In 2004 the project was first named as the Doha High Rise Office Building and after completion of construction in 2012 was branded as Burj Doha by the owner, H. E. Sheikh Saud bin Muhammed Al Thani.
The public has noted the building's "phallic form", suggestive of what Nouvel calls a "fully assumed virility." After the people called it informally the Burj Qatar, the Government of Qatar renamed it officially the Doha Tower.

The Doha Tower comprises 46 floors above ground, three floors below ground and a total gross floor area of approximately 110,000 m^{2}. It has no central core, leaving more internal space available to its occupants. The design is unique, the first skyscraper with internal reinforced concrete diagrid columns, which form a cross (X) shape that connects with the eye-catching cylindrical facade. The design expresses the local culture, connecting the very modern with ancient Islamic designs (Mashrabiya). Islamic screens were designed to shade the building from high temperatures as well as the unpleasant sand residue found on glass throughout the region. The building is designed to hold offices for businesses wishing to operate in the diverse business district of West Bay.

The Doha Tower was owned by Sheikh Saud bin Muhammed Al Thani and managed by Hamad Bin Saoud Group. It is currently the seventh tallest building in Doha.

== Features ==
The $125 million building, designed by French architect Jean Nouvel, has a height of 238 m, with 46 stories. The service core is slightly off-center to maximize interior space and flexibility of use. This was also achieved by providing diagrid columns of reinforced concrete set in the shape of a cross.

Its cylindrical shape is reminiscent of Nouvel's Torre Glòries office building in Barcelona, which served as conceptual inspiration for the Doha Tower.

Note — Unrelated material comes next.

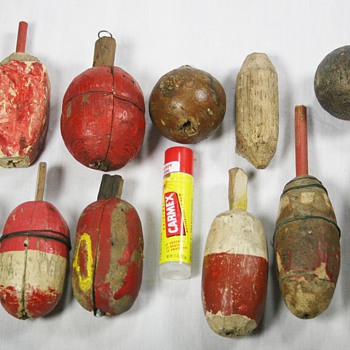 Assortment Of Old Wooden Fishing Bobbers - Fishing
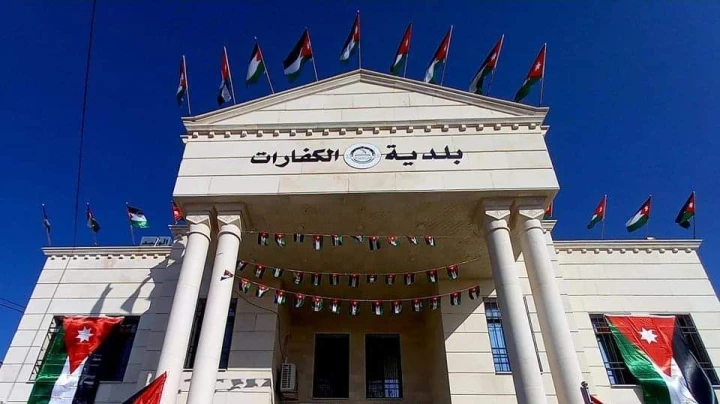 بلدية الكفارات تتعامل مع عشرات البلاغات وتكثّف حملاتها البيئية والصحية في العيد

Unlike the Barcelona building, The Doha Tower's façade was designed for local conditions: the brise soleil was "constructed of multi-layered patterns invoking ancient Islamic screens designed to shade buildings from the sun."

The German Lindner Group provided the NORTEC raised access floor system for the tower. The floor panels, consisting of calcium sulphate, feature unique dimensions of 500 x 500 mm and are applied with a special scratch-resistant covering made of galvanised steel sheets. The covering is an exclusive design by Lindner. The pinnacle of the cylindrical building, which has a base of 45 m in diameter, is crowned by a dome.

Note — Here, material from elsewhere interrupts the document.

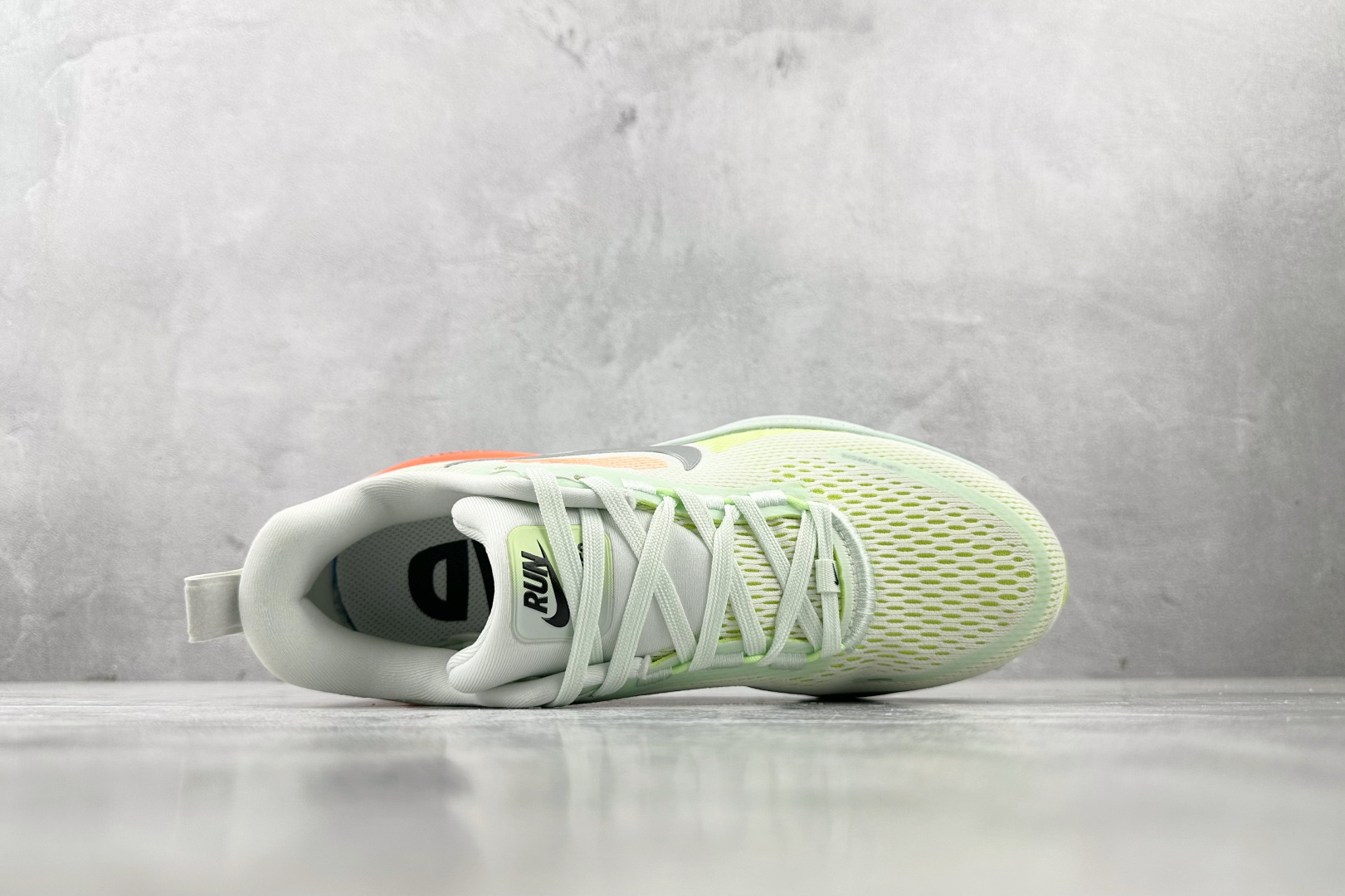 Nike Sneakers-165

== Awards and recognition ==

Doha Tower in West Bay skyline at dusk

The Chicago-based Council on Tall Buildings and Urban Habitat named it the best tall building in the Middle East and North Africa in 2012, citing the way the cylindrical building uses "ancient Islamic patterns" in its design.

At the fifth annual Middle East Architect Awards 2012, the tower received the "Overall Project of the Year" award. On this occasion, Jean Nouvel was presented with a specially-made scale model of the tower.